2. Podi, a powder made of various spices, chiles, and lentils, and eaten like chutney. Found in the southern region of India.
Cleverly packaged with stick-on decals of TNT, power kegs, toy guns, the "gun powders" come gratis with every meal, meant to be stirred into a pool of unrefined sesame oil for an instant dip or sauce. These mysterious powders are just the beginning for Elizabeth Golay's intriguing mashup of Southern Indian snacks, seasonal know-how, and Portland breakfast culture.
This is the cart we've been waiting for, now less than a month old. A former pastry chef at Seattle's popular Poppy and California Culinary Academy grad, Golay is a self-styled nut for the flavors of Andhra Pradesh, one of four Southern Indian culinary regions.
She's a recent Portland transplant and is just warming up with a menu built around dosas, the fermented India-born flatbread at the crossroads of a crepe and a pancake. Golay makes two versions from a trio of ground lentils and two kinds of rice (basmati and aromatic sona masuri), both fermented overnight then browned on the cart’s flat-top griddle. One is thin and crispy; the other a thicker iteration sturdy enough to function as a sandwich “wrap.”
Tiffin Asha is poised to find a quick place among Portland's best carts. Most options run $5-$7, a deal considering the handmade intensity and range of flavor boosters. Here's four reasons to get over there now:
1. Pakora fried chicken wrapped in dosa: Think exotic chicken McNuggets, gloriously dunked and fried in spicy chickpea-rice flour, then wrapped in a pancake-like dosa glazed with neyyi (clarified butter) and a local favorite, Nancy's Honey Yogurt. The crispy-tangy dosa cone pops with spice, crunch, and surprise—courtesy of Golay's beautiful little pickled radishes, two pickled kales, and cardamom-infused honey. This is fried chicken and greens reborn, ecstatically. I could eat it every day.

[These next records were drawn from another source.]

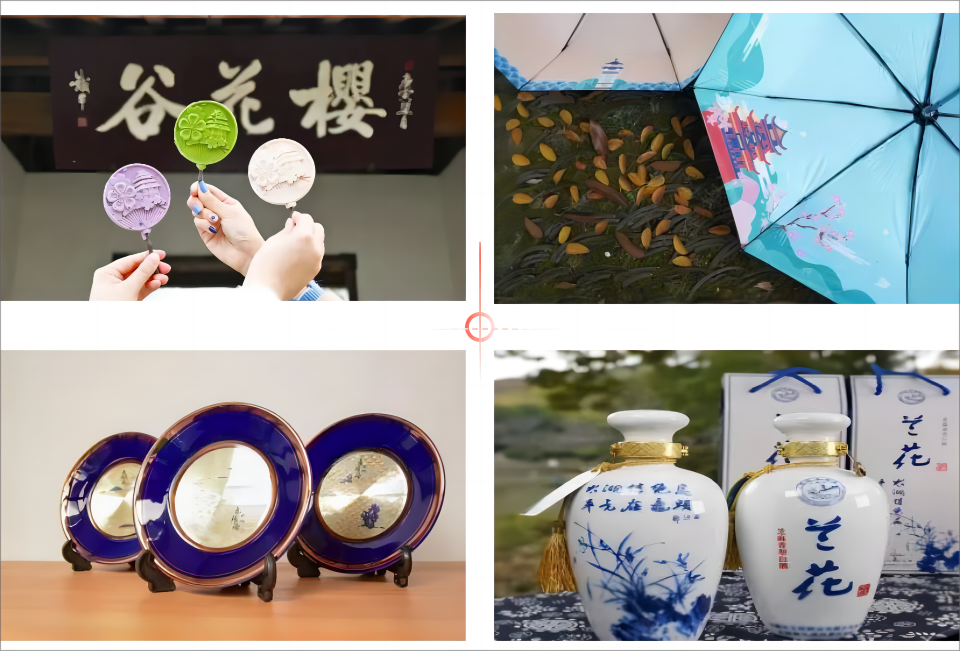 QQ图片20230214184406(1).png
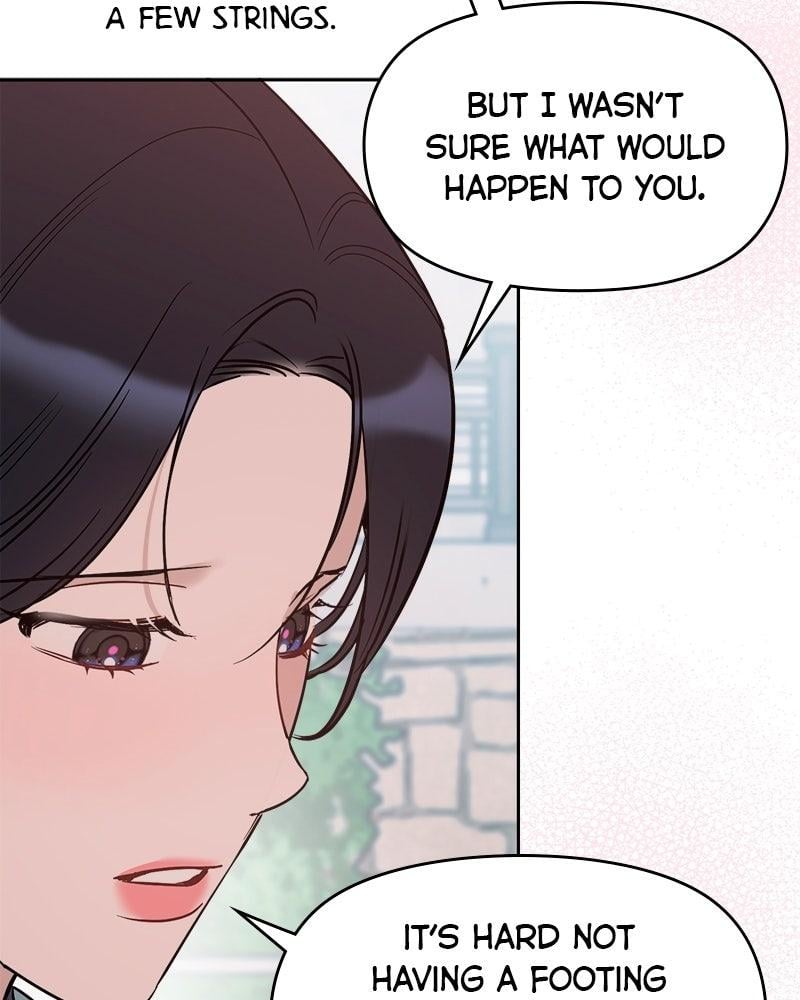 It's Just Business Chapter 93 - Page 116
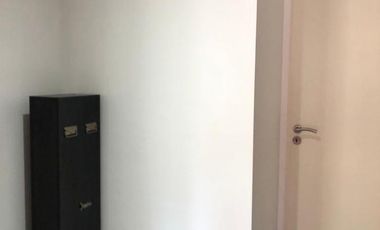 Departamento 3 ambientes en venta en la mejor ubicación de Lomas de Zamora Oeste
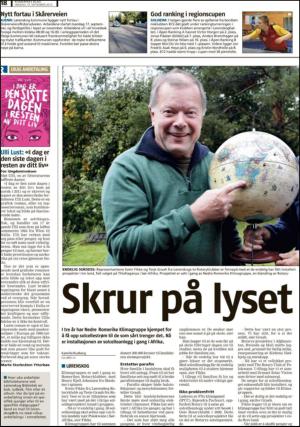 romerikesblad_lorenskog-20120919_000_00_00_018.pdf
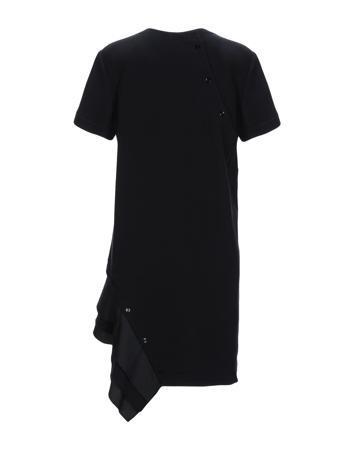 Платье PROENZA SCHOULER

2. The chutney bar: Beneath colorful patches of hanging fabric lies a help-yourself chutney bar boasting five homemade condiments for flavor tinkering. Among Golay's collection: fresh coconut chutney, pale and soothing; fresh-mashed mango pickle throwing a few hot serrano chile tears; and best of all, "Chandra's peanut," a nutty spread packing delayed heat and coriander fumes.
3. Say hello to podi gun powders: Tiffin means "snacking" in Andhra Pradesh, where little savories are eaten on the go with spice-blend condiments. Golay serves three versions: white (an earthy-riffic blend of four ground, toasted dahls), red (a hot chili-peanut that does the trick), and black (tasting more of black pepper than the promise of black sesame). From a small menu, choose one per dish to pair with idli (fermented dal and rice cakes) or crispy "vada holes" sprinkled with Golay's coconut-chili fleur de sel. The house sambar soup, beautifully spiked with tamarind, is another must and is perfect for dunking vadas or idli.
4. Fried egg sandwiches, with dosas: This may be the new face of the fried egg—dosa wrapped, with a choice of 1) gunpowder 2) applewood smoked bacon and alder salt-roasted tomatoes or 3) mushrooms and Rogue Creamery Smoky Blue. Served daily 11 am to 2 pm.